A Thought on Farmworkers and Welfare

Pity the poor American farmworkers. That’s what Jason Yarashes, Legal Aid Justice Center‘s Director of its Worker Justice Program, wants us to do. He was responding to an earlier Letter in which that letter-writer was lamenting the troubles that farmers are having as a side effect of our government regaining control of our borders and the ensuing lack of illegal aliens coming in to do those farmers’ farm work.

Yarashes is correct that such labor is backbreaking, and most of it goes unaccompanied by Social Security benefits or health insurance, despite paying taxes. Never mind that the illegal laborers are happy to get the work and most of them succeed in sending some of their pay back to their families in their home countries.
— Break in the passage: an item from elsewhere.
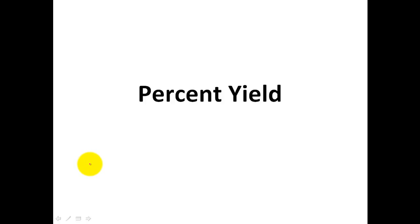Hey guys, this is Mr. Post, and on today's video, we'll be doing one example of a percent yield problem.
There’s an obvious solution to this conundrum, although it’s one that Leftists like Yarashes will decry to the heavens.

The US has a bloated collection of welfare programs, each of which is itself bloated. Most of those on these programs are able-bodied, healthy, and unemployed, even with the light work requirements attached to these programs.

Put these folks to work on the farms. Let them pick the lettuce, detassel the corn, harvest the apples and oranges, and on and on as a criterion for collecting welfare payments.

Let the farmers pay these modern day CCC workers the wages they would have paid their illegal alien workers—not Yarashes’ precious minimum wage rate—and collect their welfare payments on top of that, which the illegal aliens do not get. The kicker: the farm work is heavily seasonal, but these farm CCC-ers would be eligible for their welfare collections year-round. And: boost the farm workers’ welfare payments by some amount—say 10% as an opening move—to reward them for their actual, and harder, work than skating by on volunteering, entering “work training” programs, or scattering around resumes like so many advertising fliers.

One onus on the farmers: they would have to rate these farm CCC-ers on the quality of their work, with their eligibility for continuation in the next year’s farm work contingent on getting satisfactory ratings this year.